(News Bulletin 247) – The Paris Stock Exchange should open lower on Thursday morning, continuing its consolidation of the last few days in a market that seems again worried about the economy and monetary policy.
Around 8:15 a.m., the ‘future’ contract on the CAC 40 index – due July – dropped 47 points to 7275.5 points, suggesting a fourth consecutive session of decline.
On Wednesday evening, the Federal Reserve emphasized the need to continue a ‘restrictive’ monetary policy until inflation returned to around its 2% target.
According to the ‘minutes’ of the Fed, the American economy – under the effect of the rise in interest rates – could be heading towards a recession by the end of the year.
In a market still up 15% since the beginning of the year, the comments of the US central bank served as a pretext for further consolidation yesterday on Wall Street.
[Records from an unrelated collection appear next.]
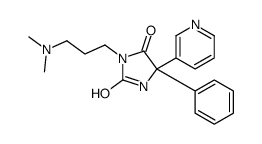 3-[3-(dimethylamino)propyl]-5-phenyl-5-pyridin-3-ylimidazolidine-2,4-dione Structure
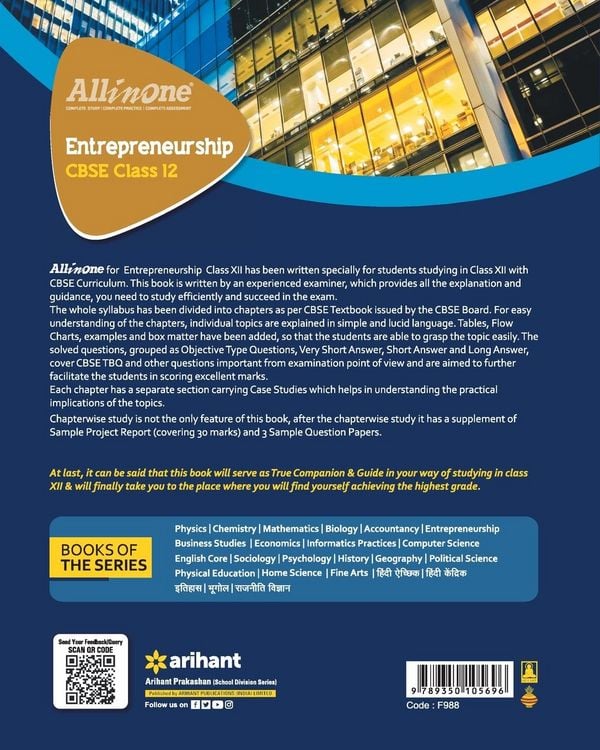 Produktbild: All In One Class 12th Entrepreneurship for CBSE Exam 2024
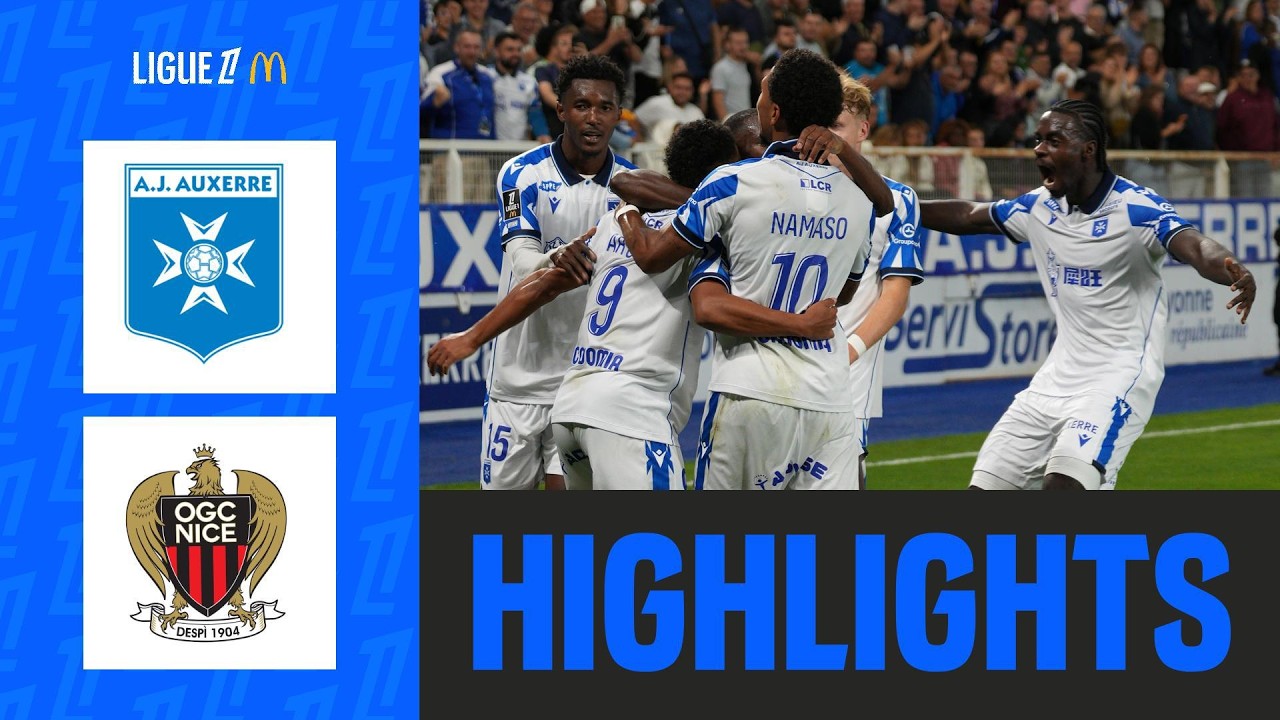 AJ AUXERRE - OGC NICE (1-0) | 4. kolejka - Ligue 1 McDonald's 26/27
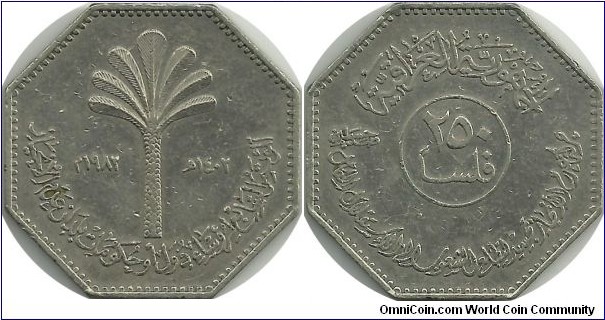 Iraq Republic 250 Fils 1982-Nonaligned Nations Baghdad Conference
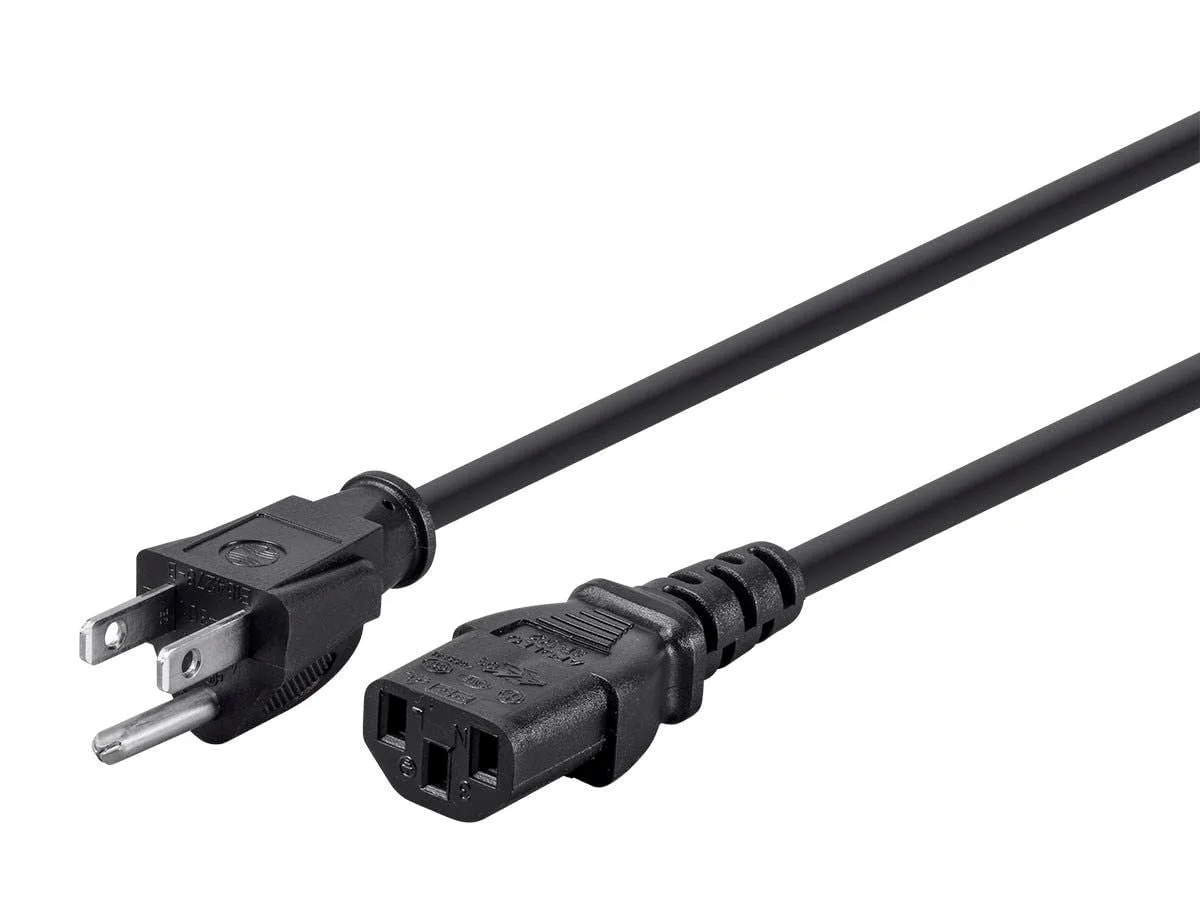 Monoprice Inc. Monoprice Inc. 142055 power extension cord 0.6096 m NEMA 5-15P to IEC 60320 C13 18AWG 10A 125V — product photo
At the final bell, the Dow Jones yielded 0.4% and the Nasdaq almost 0.2%.
Before faltering this week, the CAC 40 index had managed to regain the threshold of 7400 points last Friday to climb not far from its all-time highs.
Given the renewed concern surrounding central banks and the health of the economy, the market clearly feels the need to breathe before moving forward.
‘The lights are red on growth in Western economies (US and Europe),’ said Joseph Little, global strategist at HSBC Asset Management.
‘However, the markets (…) continue to evolve favorably by being visibly out of sync with this alert,’ said the analyst.
Many economic indicators are expected during the day in the United States, including the ADP survey on private employment, registrations for unemployment benefits and the ISM services.
But beyond the publications of the day, it is above all the employment figures, expected tomorrow, which will play on the trend.
The previous Labor Department report was rather ambiguous, showing both an increase in unemployment and an acceleration in job creation.
In view of the numerous layoff announcements and the recovery in jobless claims in recent weeks, the number of new jobs created should have slowed markedly in June.
On the bond market, government bond yields continue to climb on fears of monetary tightening, fueled by the latest statements from the Fed.
In the United States, the yield on 10-year US Treasury bonds, whose decline had supported the good performance of the equity markets in the first half of the year, is moving, at nearly 3.95%, to a four-month high. .
In Europe too, bond markets have started a slide that is pushing yields higher, with Bunds returning to around 2.52%.
The dollar recovered slightly to 1.1085 euro, while oil prices fell pending the publication in the afternoon of weekly oil inventories in the United States.